Given how large LLMs are, is there a way to introduce measures of uncertainty into their evaluations? Somewhat mysteriously, Andrew Gelman generally recommends: “studying the process, not just the particular dataset,” including through regularization techniques (like partial pooling). By itself though, this isin’t enough. So I e-mailed Andrew to ask why he thinks it is that computer scientists, and LLM risk evaluations in particular, do not report on uncertainty levels in their model evaluations? I look forward to reading the response on his blog (which he said is forthcoming - we will link to it when its out.)
Lastly, one interesting possible approach to quantifying LLM risk was given to us by Michał Oleszak, and comes from finance’s Value at Risk (VaR) model, which tries to assess the left tail, or loss, of a financial portfolio over time, for a specific confidence level.
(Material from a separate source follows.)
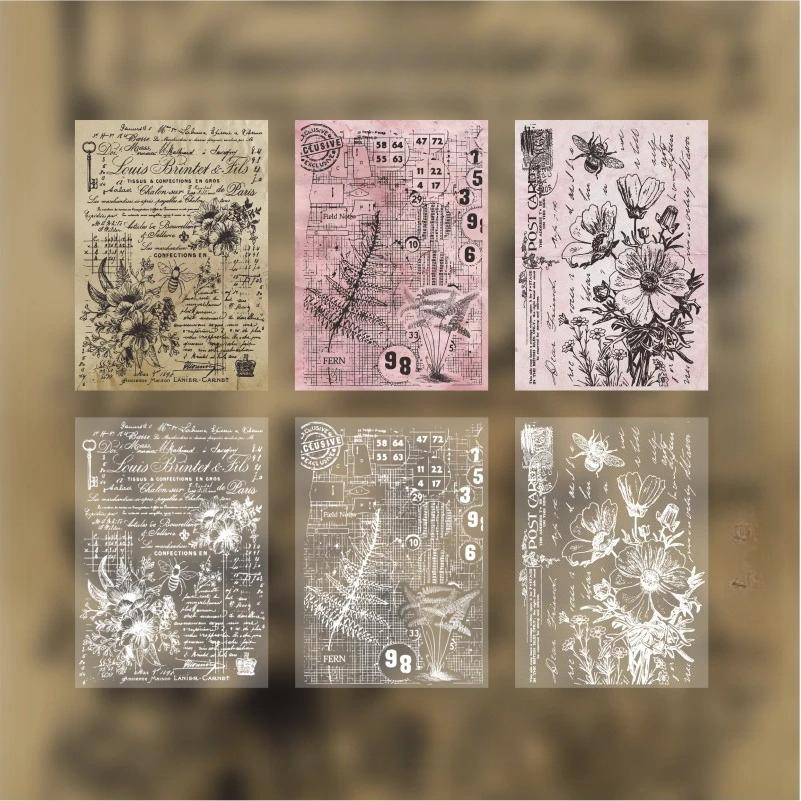 30pcs/pack Vintage Style Material Paper for Decorative Scrapbooking Diary Album Lable Journal Planner Scrapbook Stickers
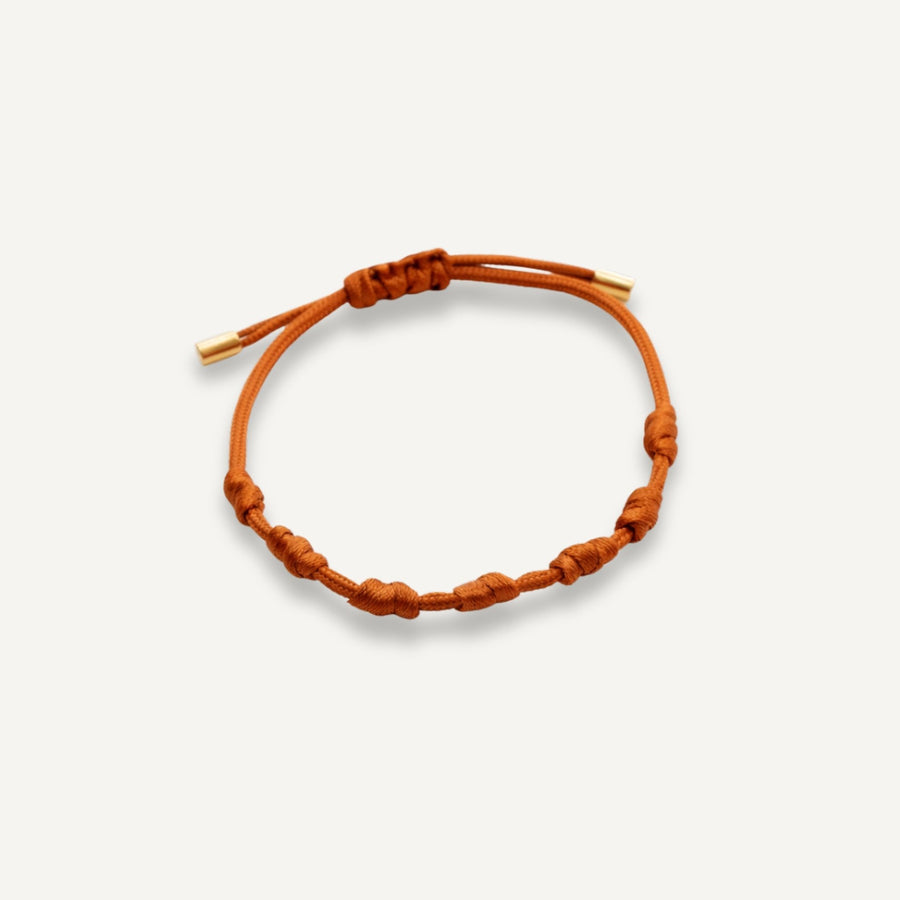 Pulseira da Protecao 7 Nós de Ouro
Despite a VaR model’s much debated shortcomings, perhaps similar approaches can be designed to assess the potential for LLMs to produce harmful content or behaviours, within a certain time frame, based on historical prompt data? Seems worth exploring further.
Either way, to take AI model risk evaluations seriously, model developers need to introduce reliable methods to quantify model uncertainty. Ignoring how uncertain we are about a model’s range of potential outcomes doesn’t make those outcomes any less likely to occur — it just makes us worry less about them.